Why? Timing. Doctors treated the AI like Google. They didn’t trust it.

Chen’s team tried again. They built a customized model. They taught doctors how to talk to it. Real-time collaboration.

The results flipped. Doctors with AI beat doctors alone. They matched the AI, too. Still not beating it, but close.

Same result in management tasks. ARISE is now funding a “flight simulator” for medicine. Practice makes perfect, they hope.

This leaves a ghost question haunting the field. If the robot beats the human-robot team, what were we even testing?

The Historian’s Warning

Adam Rodman talks fast. He thinks faster.

A Harvard internist and medical historian. He says this isn’t new. Stethoscopes changed us. Penicillin changed us. EHRs ruined our backs.

But AI moves higher. It eats cognition. It eats thinking itself.

Rodman digs into the dirt. He points to World War II. Signal detection theory gave us sensitivity and specificity. In 1959, two guys named Ledley and Lusted wrote that diagnosis is just math. Probability. Logic.

Computers followed. Then medical schools did too.

We train residents with rigid frameworks. Nomograms. Rules of thumb. These reflect how computers think, Rodman says. Not how experts actually behave. Real doctors are fast. Intuitive. Non-linear. Messy.
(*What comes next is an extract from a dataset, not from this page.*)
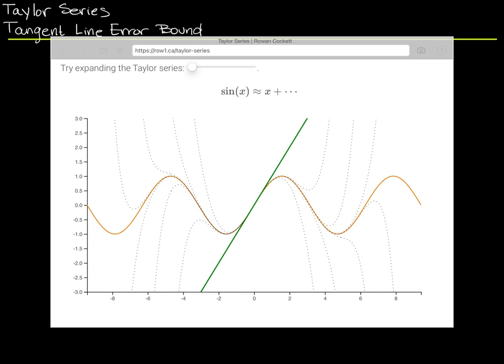That's not terribly surprising. One of the things we can do, however, is increase the power of the polynomial that we're willing to use in order to get a better approximation. We've already done some Taylor polynomial work. Back in calculus one, we learned how to do linear approximations. This is a linear approximation of y equals the sine of x using the line y equals x, centered around x equals 0. We could center it elsewhere if we wanted to.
Now we are building AI to mimic the abstract rules. Not the human mess.

So the benchmarks got stale. The New England Journal of Medicine cases. Classic vignettes.

GPT-4 nailed two-thirds of them. Impressive? Sure. Limited? Also yes. Benchmarks get saturated. Physicians aren’t comparators; they are variables.

Rodman went deeper. Science journal published their new findings. OpenAI’s o1 model crushed doctors on historical tasks.

Worse, it beat real Harvard internists at reading EHR data for emergency cases. 76 patients. Real chaos.

“What we need now are prospective clinical trials.”

Rodman isn’t impressed by the hype. He wants RCTs. He wants patient outcomes, not benchmark points.

The Bridge Builder

Ethan Goh fits in a hospital. And in Silicon Valley.

Hospitalist. Policymaker in Singapore. NHS advisor. Startup exec. Now the executive director of ARISE at Stanford. He speaks the languages of both worlds.

He hates standardized tests for AI evaluation. The USMLE tests memory. Medicine tests intuition. Patients don’t read from textbooks. They arrive bleeding. Confused. Complex.

A high score doesn’t make a good doctor. A high score doesn’t save lives.

The field is moving toward simulations. Rubrics instead of binary answers.

Goh pushes further. Benchmarks need to be precise. Triage. Diagnosis. Treatment. Communication. Each needs a different bar.

Enter the MAST. The Medical AI Superintelligence Test.

It covers diagnosis. Management. Safety. Agentic workflows. It benchmarks against real doctors. Not just models in a vacuum.

One part of MAST is called NOHARM. It tracks harm. How often does an LLM give bad advice?

Top models still fail 22% of the time. Mostly omissions. Leaving things out.

Surprisingly? They were still safer than generalist physicians. And ensembles—combining models—were safer than single ones.

Then there is MedAgentBench. Can the AI order meds? Aggregate labs? Do it in a real FHIR-based EHR?

In mid-2026, the best model hit 70%. It choked on steps after step two.

Six months later. Anthropic dropped Opus 4.6. It hit 92%.

Speed. The clock is ticking. The benchmark is dead before it is published.

So ARISE built PhysicianBench. Multi-step tasks. Real execution.

It will last six months maybe.

Then comes the cliff. If AI reaches superintelligence —outperforming top clinicians on meaningful tasks under real conditions—we break the scoreboard.

Like AlphaGo’s Move 37. It confused the human masters because it was irrational to us. Correct for the win.

Concordance with experts will vanish.

We will be forced back to reality. Randomized controlled trials. Hard outcomes. Did the patient get better? Or worse?

The Open Ending

Chen sees the shift coming. Rodman expects it. Goh prepares for it.

They agree on one thing. The definition of “doctor” is changing.

Whether they are right remains unproven.

AI is prying open the door on clinical reasoning. It asks who we are. Where we help. When we should step aside.

The questions are no longer academic. They are clinical. They are immediate.